The people fought practically with their bare hands as the Panzers raced through their green valleys, they fought them with rifle and pistol and pitchfork.

Nothing stopped the German advance. No mine fields had been laid. The few anti-tank guns would not work. Artillery ammunition was defective. The fifth column had done its work thoroughly and effectively and the German armies cut through the country like a knife through cheese.

In ten days it was over. In ten days over 100 generals of the Yugoslav army had surrendered. In ten days, the chief of staff and the minister of war signed an order of capitulation. The members of the government left for London in planes, but the people wept and cursed and fought on.

Organized resistance was over for the time being. Peasants came back to their farms, dug holes, wrapped their rifles in oil-soaked rags and hid them. Divisions that had been cut to pieces formed into small bands and retreated into the woods. For the moment Yugoslavia was conquered. And to the world yet another country stunned, broken and bleeding, had surrendered to Hitler.

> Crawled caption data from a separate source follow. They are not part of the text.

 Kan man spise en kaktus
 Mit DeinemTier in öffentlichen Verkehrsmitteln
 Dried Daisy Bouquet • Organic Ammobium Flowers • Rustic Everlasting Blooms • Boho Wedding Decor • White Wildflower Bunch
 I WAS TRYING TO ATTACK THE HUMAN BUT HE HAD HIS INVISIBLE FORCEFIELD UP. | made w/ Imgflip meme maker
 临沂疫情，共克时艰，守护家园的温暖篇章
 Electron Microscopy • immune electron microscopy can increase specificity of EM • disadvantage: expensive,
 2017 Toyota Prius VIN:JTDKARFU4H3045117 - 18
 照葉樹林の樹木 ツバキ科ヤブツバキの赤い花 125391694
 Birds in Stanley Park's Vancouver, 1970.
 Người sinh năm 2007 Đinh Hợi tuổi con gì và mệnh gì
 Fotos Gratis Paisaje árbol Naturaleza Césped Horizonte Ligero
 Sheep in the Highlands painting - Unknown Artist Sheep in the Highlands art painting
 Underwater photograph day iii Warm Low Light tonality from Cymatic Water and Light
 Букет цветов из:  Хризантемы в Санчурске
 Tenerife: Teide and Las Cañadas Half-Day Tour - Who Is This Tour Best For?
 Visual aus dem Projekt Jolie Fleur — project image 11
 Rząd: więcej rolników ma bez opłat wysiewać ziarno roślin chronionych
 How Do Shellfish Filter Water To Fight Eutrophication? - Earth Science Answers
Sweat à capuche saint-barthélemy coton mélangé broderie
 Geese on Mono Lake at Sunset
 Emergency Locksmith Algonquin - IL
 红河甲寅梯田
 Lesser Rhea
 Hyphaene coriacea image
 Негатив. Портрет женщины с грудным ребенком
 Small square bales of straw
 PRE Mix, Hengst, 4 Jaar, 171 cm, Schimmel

Then, where the fire had been so thoroughly extinguished, a small flame flickered up. Two weeks after the country had surrendered, in the capital at Belgrade, a poster appeared, plastered on the wall in the central square, and it read:

GERMANS!
WE GIVE YOU SOLEMN WARNING. LEAVE YUGOSLAVIA.
DEATH TO ALL FASCISTS!
LIBERTY TO THE PEOPLE!

That was the poster — proud, defiant, almost pathetic. Yet within an hour, every Yugoslav in the city knew about it. They whispered the slogan to one another in the streets, in the stores, in the shops, in the factories. They shouted it in their homes. It gave them courage just to hear it, just to repeat it.

And so in the summer of the year that Yugoslavia was raped, the guerrilla war had started. That was fateful summer Hitler invaded Russia.

Peasants who had fled into the forests, soldiers from the old Yugoslav army who had refused to recognize the meaning of the word defeat, Communists fired with a new cause, students who had given up their studies, and intellectuals who abandoned their professions — these began gathering in small groups, here, there, and everywhere, ready for unity and action.

For the first time in their long, bloody history, men who had regarded each other as enemies, at last had one enemy who was more ferocious, brutal, detestable than anything they had ever imagined possible, an enemy who united Yugoslavia for the first time in its history.

The same day that the historic poster appeared in Belgrade, a messenger went into the mountains, contacted the first of the little bands of soldiers who had escaped after the surrender, and said:

"I bring you greetings from the People's Liberation Front and from our commander, Tito."

Tito! The name had a romantic and mysterious ring to it. It was the sort of name Yugoslavs liked. It was unafraid. It almost gave a man strength just to say the name —Tito!